|Ph.D Student||Janna Shainsky-Roitman|
|Subject||Structure-Function Correlations of Mono-and Di-Oxygenases|
and Pro-Chiral Sulfides
|Department||Department of Biotechnology and Food Engineering||Supervisor||Full Professor Fishman Ayelet|
|Full Thesis text|
The main goal of the present research was to investigate the correlation between the structure of pro-chiral sulfides and the activity/selectivity of two families of oxygenases, toluene monooxygenases (TMOs) and nitrobenzene dioxygenase (NBDO).
In the first part of the research four different methods were developed for detecting sulfoxides that were produced via whole cell biocatalysis, and two of them, were further exploited for high throughput screening. One method is based on the reduction of sulfoxides to sulfides with the coupled release and measurement of iodine. The second method, selective inhibition of horse liver alcohol dehydrogenase, was used to rapidly screen highly active and/or enantioselective variants towards (S)-methyl-p-tolyl sulfoxide.
The second part of the work included the investigation of two residues in toluene-4-monooxygenase (T4MO): TmoA D285 is located at the entrance of the tunnel leading to the active site, while residue I100 is positioned in the vicinity of the diiron center and is part of the active site pocket. It was discovered that mutations at position 285 enhanced the rate of catalysis but did not affect the specificity. In contrast, mutations at position I100 influenced the activity rate and enantioselectivity. Combining the beneficial effect of both substitutions resulted in an additive or even synergistic outcome on enzyme activity and selectivity.

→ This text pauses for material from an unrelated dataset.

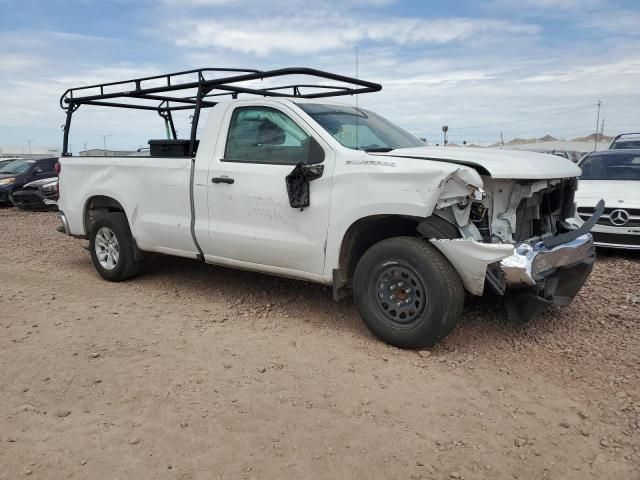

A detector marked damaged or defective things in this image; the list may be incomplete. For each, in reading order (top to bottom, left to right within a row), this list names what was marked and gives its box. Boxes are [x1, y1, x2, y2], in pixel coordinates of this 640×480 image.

damaged front end [422, 174, 604, 320]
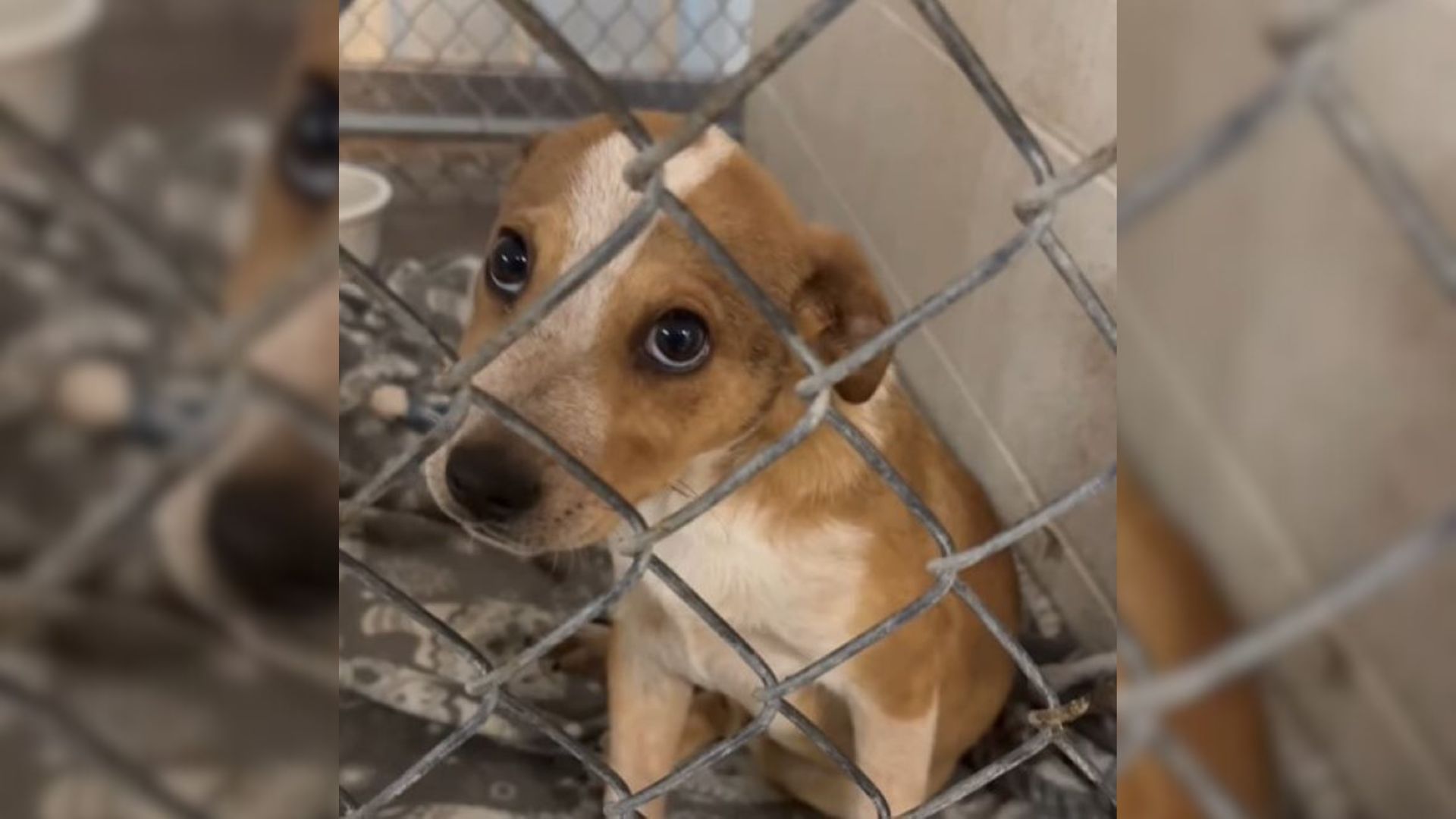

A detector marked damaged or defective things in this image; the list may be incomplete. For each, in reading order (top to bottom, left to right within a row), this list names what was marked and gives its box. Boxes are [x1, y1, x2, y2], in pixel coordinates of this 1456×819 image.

rusty wire link [337, 2, 1112, 816]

Position TomA3 V106 in TOM was previously reported as influencing activity and selectivity of the enzyme. In this work, the range of the prochiral substrates catalyzed by TOM was broadened. It was shown that changing Val to another residue influenced activity and selectivity especially for large substrates. It is suggested that the physical shape and hydrophobic forces of the active site pocket were changed, and therefore the substrate was oriented differently resulting in higher activity and selectivity.
Eleven saturation mutagenesis libraries of NBDO were prepared and screened on six sulfides including a drug precursor. Molecular docking and active site volume calculations were used to correlate between the structure of the substrates and the function of the enzymes. The results from this part of the research suggest that the orientation of pro-chiral sulfides in the active site is coordinated by hydrophobic interactions and by steric considerations, which in turn influence the activity and enantioselectivity of NBDO.
In summary, this work sheds light on key residues and on the mechanism of several mono- and dioxygenases, expands the range of pro-chiral substrates and emphasizes the intricacy of relationship between the substrate and the biocatalyst.